Company Context
FitPulse is a consumer fitness and wellness app focused on guided workouts, habit tracking, and personalized plans for users aged 18-40. The app has grown quickly through a freemium model and social sharing loops, reaching meaningful scale in the US, UK, and Canada. It is a top-10 app in its category by downloads in the US, but monetization lags peers because most value today is delivered for free and advertising revenue is modest.
Strategic Situation
The CEO is considering launching a paid subscription tier, FitPulse Premium, to improve monetization and reduce reliance on advertising. The decision is urgent because user acquisition costs have risen over the last 12 months, competitors have expanded premium offerings, and investors want a clearer path to durable revenue growth. However, leadership is concerned that a subscription could reduce top-of-funnel growth, hurt engagement among free users, and trigger backlash if too much functionality moves behind a paywall.

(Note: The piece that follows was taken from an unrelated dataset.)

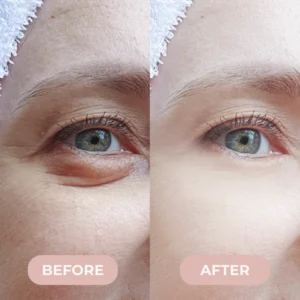 eye care skincare patches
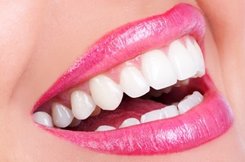 close-up of patient’s smile after teeth whitening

You are the Head of Strategy. Recommend whether FitPulse should launch a subscription model now, and if so, how it should structure pricing, packaging, and go-to-market.
Data Points
| Metric | Current Value |
|---|
| Monthly active users (MAU) | 8.0 million |
| Daily active users (DAU) | 1.9 million |
| Current annual revenue | $24 million |
| Revenue mix | 75% ads, 25% one-time purchases |
| 12-month user growth | 28% |
| Gross margin | 82% |
Additional operating data
- Average ad revenue per monthly active user: $0.19/month
- One-time purchase buyers: 2.5% of MAU annually, average order value $12
- Estimated paid conversion benchmark for comparable apps: 2%-6% of MAU
- Estimated monthly churn for paid consumer wellness apps: 4%-8%
- CAC for paid digital acquisition has increased from $9 to $14 per new activated user in 12 months
Competitive snapshot
- StrongFit+: $9.99/month, strong trainer content, ~3.5M subscribers globally
- MoveDaily Pro: $59.99/year, large free tier, strong retention via annual plans
- CoreFlex: free app with heavy ads and low subscription penetration
Deliverables
- Assess the strategic trade-offs of launching a subscription model versus staying primarily ad-supported.
- Size the revenue opportunity under at least two pricing/packaging scenarios.

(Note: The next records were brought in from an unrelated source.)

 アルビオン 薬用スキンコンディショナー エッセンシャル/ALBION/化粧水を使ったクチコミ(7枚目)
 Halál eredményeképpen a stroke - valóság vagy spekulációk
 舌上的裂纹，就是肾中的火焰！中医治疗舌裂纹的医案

- Evaluate likely impact on user growth, engagement, and competitive position.
- Recommend a go-to-market approach, including target segment, pricing structure, and rollout plan.

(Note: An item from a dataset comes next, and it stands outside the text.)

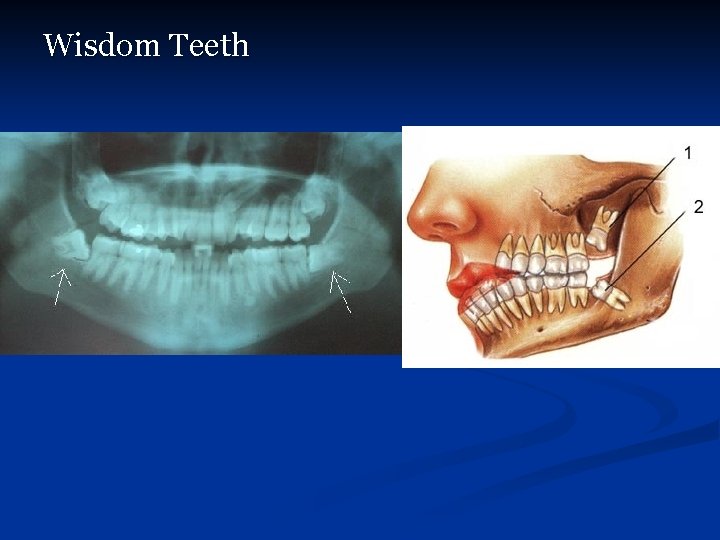 Wisdom Teeth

- Identify the key risks, metrics, and decision gates management should use.
Constraints
- Product and engineering can support only one major monetization launch in the next 6 months.
- Marketing budget for launch is capped at $6 million over 12 months.
- Leadership does not want to put core workout logging behind a paywall.
- The company must show a credible path to $50 million annual revenue within 24 months.